Please share your insights and comments with everyone in the form located further below labeled “Leave a Reply.” We aren’t evil Google, fascist facebook, or thuggish Twitter and so won’t sell, share, or profitably “misplace” your information. If I lie may the fleas of a thousand camels infest my crotch.

Sharpening Part 5 – The Sharp Edge

The gem cannot be polished without friction, nor man perfected without trials.” 

Confucius

This post may not be as entertaining as previous ones in this series about sharpening Japanese woodworking tool blades: No swords or artwork or handsome Hollywood philosophers, I’m sorry to say. But with this post we will roll up our sleeves and get some work done.

Your humble servant prostrates and begs forgiveness if Beloved Customer’s tender sensibilities are in any way offended. Many Beloved Customers and Gentle Readers already know most of what is presented in this post, but it is my fervent hope that one or two useful gems may be discovered.

You know the difference between the quality of work a sharp edge performs compared to that of a dull edge. Cuts are clean and finished surfaces are smooth, maybe even shimmering. Your tools are happy, singing and chirping as they cut away. But have you given thought to what a sharp edge really is?

Since the purpose of sharpening is to produce this condition in a blade, a clear understanding is useful, so we will consider the basics in this post.

We shall also examine the naughty cutting edge that seems sharp but suddenly and unexpectedly dulls after just a little use. Would it be useful to know how to detect such a cutting edge before it fails wasting your time and money?

Let’s begin with bedrock.

The Basics

A cutting tool is essentially a wedge, with two flat sides meeting at an angle. Applying force causes it to wedge apart and sever materials, be it wood, metal, meat or mushrooms.

The geometry of this wedge is critical to its performance. At one extreme, the angle could be 90°. It won’t be sharp, it will be hard to push, and it will crush and tear wood instead of cutting it cleanly, but it will be durable.

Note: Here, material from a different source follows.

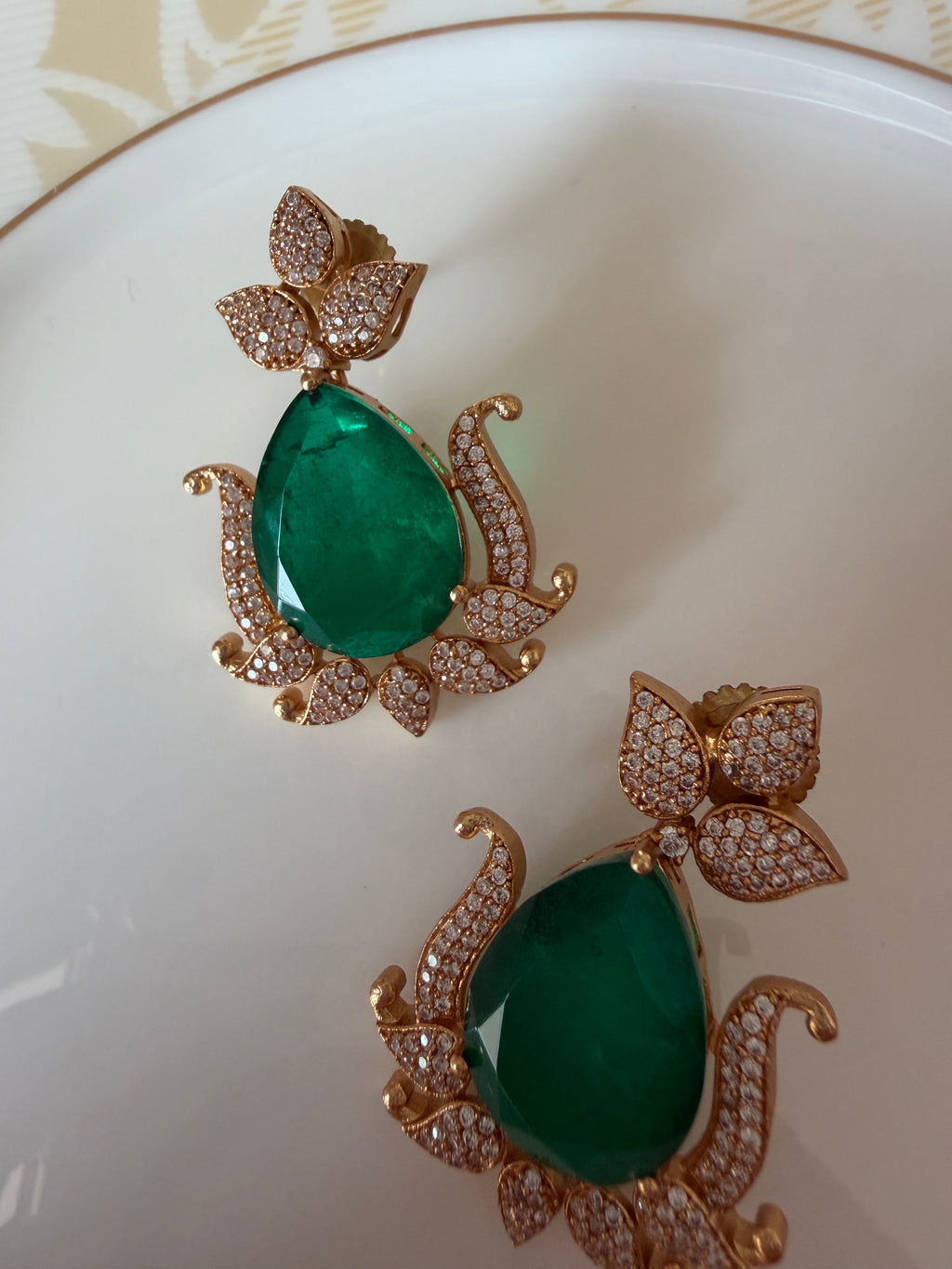 Gul Earrings detail view highlighting green stone color and American diamond shine.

At the other extreme, the wedge might be made more acute, say 3°. It could be extremely sharp indeed, but it would be too fragile to cut anything but whip cream for long. The point is that the sharp edge is a compromise, acute enough to cut well, but not so acute that cutting pressure and friction will make it dent, roll, wear away, crack or chip easily.

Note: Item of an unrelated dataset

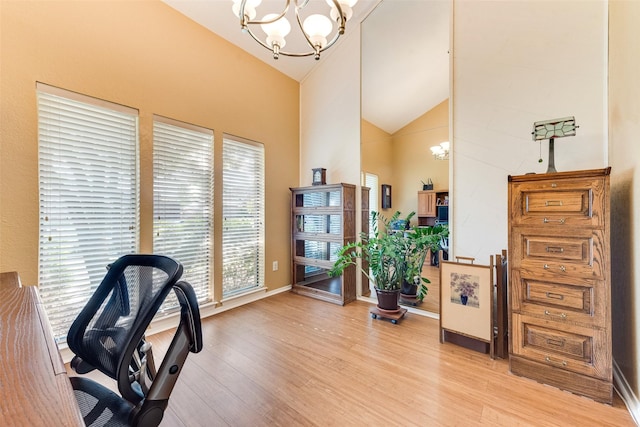 office space featuring light wood-style flooring, high vaulted ceiling, an inviting chandelier, and baseboards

The effective blade must have a bevel angle that will cut the intended material well, but at the same time supports the thin cutting edge from premature wear and damage for a relatively long time. The words “well” and “long” in the previous sentence are where the magic lies. We will examine these important points in future posts in this series.

Wood Shaving’s Eye View

Ideally, the extreme edge of the ideal metal tool’s extreme cutting should be perfectly smooth and only a single molecule thick. In the real world, cutting edges are rougher and wider, but still manage to cut pretty well.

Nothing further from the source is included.